Snickerdoodle Whoopie Pies With Buttercream Frosting


Yield: 6 Whoopie Pies


  • ½ cup vegetable shortening
  • 1 cup brown sugar
  • 1 large egg
  • 1 tbsp vanilla extract
  • 2½ cups flour
  • 1 tsp baking powder
  • ½ tsp baking soda (optional)
  • 1 tsp salt
  • 1 tsp ground cinnamon
  • 1 cup milk
  • 16 oz room temperature salted or unsalted butter
  • 6 cups powdered sugar


  • Two 9×9 in (23×23 cm) pans or similar
  • Whisk or mixing utensil
  • Electric mixing utensil (Paddle attachment preferred but any whisk will work)
  • Large bowl
  • Pam or oil and aluminum foil, or parchment paper
  • Spatula

Let’s Make It!

  1. Preheat oven to 350°F.
  2. In large bowl, whisk shortening, brown sugar, egg, and vanilla extract. Whisk until smooth.
Brown sugar, egg, vanilla extract, and shortening in a bowl.
Brown sugar, egg, vanilla extract, and shortening mixed in a bowl.
  1. Add milk, flour, baking soda, baking powder, and cinnamon. Whisk together.
Flour, baking soda and powder, cinnamon, and milk added to mixing bowl of brown sugar, egg, vanilla extract, and shortening.
Everything mixed together in a bowl.
  1. Line pans with parchment paper or aluminium foil and oil.
  2. Drop 12 large spoonfuls onto the pans, given an inch or two of space all around. These don’t have to be laid flat.
Raw batter on a parchment lined baking pan.
  1. Bake for 12 to 15 minutes, until they start to firm. Be careful, we want to get them out before they start crisping/darkening. Light crisping won’t be a big issue if it does happen however.
  2. Take pan out of oven then gently, using a spatula, take cookies off pan and lay onto a flat surface to cool for 30-45 minutes. Be sure they are completely cool before adding frosting in the next steps!
Whoopie pie cookies taken out of oven, sitting on parchment lined baking sheet.
A little dark on some edges is fine but it’s still something we want to avoid!
  1. In a large bowl, add the butter, powdered sugar. Using an electric mixer, whisk slowly for a short time to create buttercream frosting. Be careful not to over-mix (it’s better to under-mix)! You can also add a pinch of milk and vanilla extract if you find it too dry or want a little more flavor.
Finished creamed buttercream in a bowl.
  1. Add a large spoonful of the frosting to the flat bottom of a cookie. Grab another cookie and place it against the other side. Flat bottom sides should be against the buttercream.
  2. Store at room temperature covered or inside an airtight container. Consume within 2 days. Refrigerating these may dry out the cookie part and harden the frosting.

Notes & Alternatives

  • There’s several ways to make buttercream frosting, the one presented here is very basic. With this recipe, the frosting isn’t too sweet. If you want something a bit sweeter, use 7-8 cups of powdered sugar instead.
  • Creating other whoopie pie flavors is very easy. For example, replacing the cinnamon and brown sugar with other components like cocoa powder and white sugar will give you chocolate whoopie pies.
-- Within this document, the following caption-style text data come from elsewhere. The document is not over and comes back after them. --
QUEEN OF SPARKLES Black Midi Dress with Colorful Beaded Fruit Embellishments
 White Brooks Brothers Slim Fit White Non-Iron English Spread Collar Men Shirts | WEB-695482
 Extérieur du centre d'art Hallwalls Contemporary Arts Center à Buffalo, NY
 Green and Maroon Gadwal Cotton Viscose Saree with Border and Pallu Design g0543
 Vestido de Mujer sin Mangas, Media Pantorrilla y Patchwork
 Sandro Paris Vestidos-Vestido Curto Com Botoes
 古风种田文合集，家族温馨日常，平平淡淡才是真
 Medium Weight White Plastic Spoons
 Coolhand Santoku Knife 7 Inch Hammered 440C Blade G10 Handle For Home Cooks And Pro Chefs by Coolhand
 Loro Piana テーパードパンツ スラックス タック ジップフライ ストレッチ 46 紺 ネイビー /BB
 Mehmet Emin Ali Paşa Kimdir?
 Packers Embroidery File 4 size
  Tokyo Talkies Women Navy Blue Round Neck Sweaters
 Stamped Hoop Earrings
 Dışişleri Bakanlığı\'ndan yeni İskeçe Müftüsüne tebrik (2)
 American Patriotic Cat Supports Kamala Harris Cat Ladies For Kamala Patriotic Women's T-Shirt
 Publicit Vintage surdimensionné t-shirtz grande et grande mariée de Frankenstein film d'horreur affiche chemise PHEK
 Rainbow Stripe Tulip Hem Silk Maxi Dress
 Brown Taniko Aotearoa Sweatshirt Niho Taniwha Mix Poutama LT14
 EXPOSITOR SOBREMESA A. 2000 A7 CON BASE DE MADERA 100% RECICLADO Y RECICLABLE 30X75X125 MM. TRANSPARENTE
  • Whoopie pies are also called gobs, devil dogs, and big fat Oreos. They do resemble large Oreos as they’re commonly made using chocolate.
  • Despite chocolate being the most common whoopie pie, flavors are as diverse as the number of cake flavors that exist.
  • They were likely invented in New England or a neighboring state about a hundred years ago.
  • Maine made it their official state treat in 2011.
  • Maine holds an annual whoopie pie festival that draws in thousands of people.
  • The largest whoopie pie was created in Maine and weighed a little over a thousand pounds!
  • Whoopie Pie day is celebrated in Maine on the fourth Saturday in June.
  • …Maine really loves whoopie pies!